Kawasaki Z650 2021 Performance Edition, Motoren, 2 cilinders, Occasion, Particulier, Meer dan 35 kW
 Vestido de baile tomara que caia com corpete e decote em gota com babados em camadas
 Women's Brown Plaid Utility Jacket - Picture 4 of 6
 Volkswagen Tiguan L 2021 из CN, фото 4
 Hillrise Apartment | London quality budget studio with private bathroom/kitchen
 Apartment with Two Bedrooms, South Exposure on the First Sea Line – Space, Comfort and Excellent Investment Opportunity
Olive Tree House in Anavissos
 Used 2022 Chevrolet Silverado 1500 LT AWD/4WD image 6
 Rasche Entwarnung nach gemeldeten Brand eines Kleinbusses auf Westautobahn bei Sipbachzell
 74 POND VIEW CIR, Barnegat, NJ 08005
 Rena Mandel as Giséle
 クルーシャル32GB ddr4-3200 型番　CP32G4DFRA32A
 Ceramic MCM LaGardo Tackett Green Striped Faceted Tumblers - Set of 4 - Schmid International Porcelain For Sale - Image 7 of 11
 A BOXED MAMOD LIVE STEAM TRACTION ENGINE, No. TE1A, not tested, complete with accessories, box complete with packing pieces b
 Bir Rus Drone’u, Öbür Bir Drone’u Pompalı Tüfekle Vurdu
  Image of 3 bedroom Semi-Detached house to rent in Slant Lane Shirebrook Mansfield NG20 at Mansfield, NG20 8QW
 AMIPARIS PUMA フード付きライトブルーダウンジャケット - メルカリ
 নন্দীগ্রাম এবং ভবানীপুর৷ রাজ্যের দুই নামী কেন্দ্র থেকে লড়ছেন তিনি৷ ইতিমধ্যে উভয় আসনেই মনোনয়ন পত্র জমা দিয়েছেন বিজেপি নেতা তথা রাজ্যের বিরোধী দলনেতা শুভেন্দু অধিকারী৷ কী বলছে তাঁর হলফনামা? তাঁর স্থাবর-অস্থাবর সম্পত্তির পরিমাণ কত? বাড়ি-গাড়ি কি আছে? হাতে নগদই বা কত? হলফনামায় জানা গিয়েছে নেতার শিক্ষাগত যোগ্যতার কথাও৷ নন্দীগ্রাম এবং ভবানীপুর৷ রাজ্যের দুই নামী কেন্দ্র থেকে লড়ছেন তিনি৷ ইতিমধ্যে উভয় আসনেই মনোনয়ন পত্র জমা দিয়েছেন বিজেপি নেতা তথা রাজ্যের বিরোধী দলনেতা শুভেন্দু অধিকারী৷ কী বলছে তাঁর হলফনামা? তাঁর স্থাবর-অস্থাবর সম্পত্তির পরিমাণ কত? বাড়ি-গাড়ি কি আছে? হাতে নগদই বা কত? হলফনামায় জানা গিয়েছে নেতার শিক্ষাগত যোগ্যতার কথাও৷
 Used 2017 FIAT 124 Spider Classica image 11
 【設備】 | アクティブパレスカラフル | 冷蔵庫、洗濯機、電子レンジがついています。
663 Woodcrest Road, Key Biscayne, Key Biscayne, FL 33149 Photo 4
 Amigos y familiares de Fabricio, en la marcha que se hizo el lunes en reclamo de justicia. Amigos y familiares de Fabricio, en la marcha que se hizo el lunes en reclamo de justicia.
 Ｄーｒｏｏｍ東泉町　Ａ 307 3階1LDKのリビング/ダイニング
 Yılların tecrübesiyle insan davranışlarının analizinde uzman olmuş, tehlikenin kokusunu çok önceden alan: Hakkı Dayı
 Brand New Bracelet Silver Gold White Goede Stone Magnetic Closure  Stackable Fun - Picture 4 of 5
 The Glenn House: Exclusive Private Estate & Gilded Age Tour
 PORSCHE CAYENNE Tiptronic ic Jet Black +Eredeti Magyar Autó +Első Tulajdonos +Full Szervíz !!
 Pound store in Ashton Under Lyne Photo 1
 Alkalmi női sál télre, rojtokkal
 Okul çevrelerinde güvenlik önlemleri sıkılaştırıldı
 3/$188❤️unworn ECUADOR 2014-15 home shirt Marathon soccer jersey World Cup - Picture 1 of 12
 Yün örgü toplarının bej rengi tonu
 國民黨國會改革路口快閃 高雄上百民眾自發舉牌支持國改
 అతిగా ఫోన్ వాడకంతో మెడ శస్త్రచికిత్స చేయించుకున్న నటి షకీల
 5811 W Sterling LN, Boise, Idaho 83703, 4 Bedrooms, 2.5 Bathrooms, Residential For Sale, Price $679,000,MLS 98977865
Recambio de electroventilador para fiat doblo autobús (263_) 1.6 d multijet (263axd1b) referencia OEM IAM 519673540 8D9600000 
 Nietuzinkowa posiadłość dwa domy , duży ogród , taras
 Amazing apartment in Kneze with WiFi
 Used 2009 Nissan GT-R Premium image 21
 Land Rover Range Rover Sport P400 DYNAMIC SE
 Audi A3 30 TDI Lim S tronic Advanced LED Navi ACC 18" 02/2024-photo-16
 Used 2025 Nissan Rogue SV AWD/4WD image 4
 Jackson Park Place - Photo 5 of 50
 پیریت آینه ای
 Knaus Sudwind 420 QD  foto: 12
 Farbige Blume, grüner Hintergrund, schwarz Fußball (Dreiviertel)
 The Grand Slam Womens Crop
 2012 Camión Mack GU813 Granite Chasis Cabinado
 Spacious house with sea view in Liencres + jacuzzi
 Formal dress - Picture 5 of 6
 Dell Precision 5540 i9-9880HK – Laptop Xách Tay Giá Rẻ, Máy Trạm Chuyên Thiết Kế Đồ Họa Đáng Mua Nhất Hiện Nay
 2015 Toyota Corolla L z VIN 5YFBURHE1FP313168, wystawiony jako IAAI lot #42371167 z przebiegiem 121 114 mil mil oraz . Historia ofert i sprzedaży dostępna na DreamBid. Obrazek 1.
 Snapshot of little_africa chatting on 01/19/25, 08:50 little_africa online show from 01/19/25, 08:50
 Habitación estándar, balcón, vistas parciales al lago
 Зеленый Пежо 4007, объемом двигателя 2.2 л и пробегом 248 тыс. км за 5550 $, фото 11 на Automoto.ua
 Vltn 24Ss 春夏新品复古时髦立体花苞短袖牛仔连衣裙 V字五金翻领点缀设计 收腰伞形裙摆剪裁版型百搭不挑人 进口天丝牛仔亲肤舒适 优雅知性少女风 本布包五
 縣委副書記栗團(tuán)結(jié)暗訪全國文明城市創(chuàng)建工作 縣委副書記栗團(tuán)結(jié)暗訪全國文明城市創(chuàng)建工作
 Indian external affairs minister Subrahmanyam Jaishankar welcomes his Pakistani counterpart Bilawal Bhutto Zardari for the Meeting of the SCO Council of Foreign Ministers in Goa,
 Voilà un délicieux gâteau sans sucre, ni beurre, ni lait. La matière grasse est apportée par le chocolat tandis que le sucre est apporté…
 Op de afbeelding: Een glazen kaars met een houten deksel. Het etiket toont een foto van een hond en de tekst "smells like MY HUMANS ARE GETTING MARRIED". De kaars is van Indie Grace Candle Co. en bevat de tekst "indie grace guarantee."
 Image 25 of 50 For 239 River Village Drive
####################
PROBLEM
Going through the entries above, show each line that contains "Brand".

RESPONSE AREA
 Rasche Entwarnung nach gemeldeten Brand eines Kleinbusses auf Westautobahn bei Sipbachzell
 Brand New Bracelet Silver Gold White Goede Stone Magnetic Closure  Stackable Fun - Picture 4 of 5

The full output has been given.